For all my Strategic Storytelling Workshops I suggest tailored content to the key client contact beforehand. I make these suggestions based on audience profiling that I do prior to the workshop. Almost always, my key contact asks me, "Can we cover more content?" For them, the rationale is, it takes time, effort and investment to organise workshops, so let us make the best of this one. It is a logical way of thinking. Isn't it?
The moment I hear the client say, "Can we have more content?", an image of an overfilled toy basket comes to my mind and I question myself, "Why do corporate professionals hoard frameworks and methodologies from workshops like a basket full of toys that never gets used?"
Having worked with TEDx Singapore in 2015, I learnt something about the TED Talks' 18-minute rule which influenced my Strategic Storytelling Workshops and was a solution to this 'Cover More Content Mindset'.

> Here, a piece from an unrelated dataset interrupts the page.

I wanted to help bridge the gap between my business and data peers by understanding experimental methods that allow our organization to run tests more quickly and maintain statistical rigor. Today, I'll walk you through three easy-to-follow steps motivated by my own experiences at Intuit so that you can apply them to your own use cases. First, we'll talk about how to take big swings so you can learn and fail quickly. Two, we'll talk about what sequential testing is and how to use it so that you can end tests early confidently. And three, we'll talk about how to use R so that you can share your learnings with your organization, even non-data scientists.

Why are TED Talks 18 minutes long?
*TED curator, Chris Anderson, explained the organisation's thinking this way:
It [18 minutes] is long enough to be serious and short enough to hold people's attention. It turns out that this length also works incredibly well online. It's the length of a coffee break. So, you watch a great talk and forward the link to two or three people. It can go viral very easily. The 18-minute length also works much like the way Twitter forces people to be disciplined in what they write. By forcing speakers who are used to going on for 45 minutes to bring it down to 18, you get them to really think about what they want to say. What is the key point they want to communicate? It has a clarifying effect. It brings discipline.
Researchers at Texas Christian University are finding that the act of listening can be as equally draining as thinking hard about a subject. Dr Paul King calls it "cognitive backlog." Like weights, he says, the more information we are asked to take in, the heavier and heavier it gets. Eventually, we drop it all, failing to remember anything we've been told.

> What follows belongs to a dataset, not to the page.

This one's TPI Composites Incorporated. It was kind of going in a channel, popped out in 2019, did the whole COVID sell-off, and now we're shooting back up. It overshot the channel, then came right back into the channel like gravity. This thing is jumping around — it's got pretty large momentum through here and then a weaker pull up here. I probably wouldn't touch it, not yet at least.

How do I apply this insight?
First and foremost, what is clear to me is that a Strategic Storytelling Workshop should neither be about framework hoarding nor should it be about creating a cognitive log. Actually, to me, my workshops are also not about learning. Learning is a very limited goal for a workshop.
A workshop is an oppurtunity to change, just like I have quoted in the featured image of this blog. TED Talks change the way you look at the world.

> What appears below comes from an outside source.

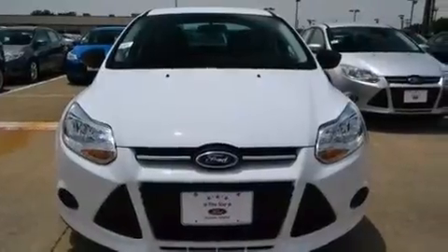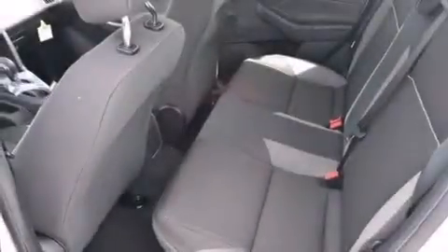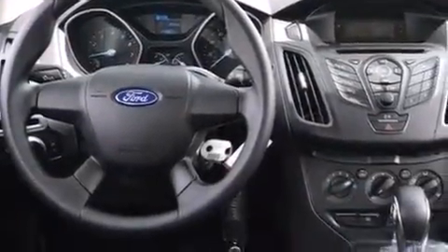Air conditioning, full power accessories, a CD player, front multi-stage airbags, rear seat child-proof door locks, an engine immobilizer theft deterrent system, tinted glass, an anti-lock braking system, a keyless entry system and an auxiliary power outlet.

How do I achieve the change?
1- Strategically Curate the right amount of Content. Maximum 4 business scenarios.
2- Practice the hell out of each one of them.
When participants practice and see themselves getting better, they apply the learning, witness the progress and in the process, change. In essence, I want to give them one toy that changes them because they will play with it, discover with it and progress with it.
Our Strategic Storytelling Workshopis based on Scenario-based Learning (SBL) in which we use interactive scenarios to support active learning strategies such as problem-based or case-based learning.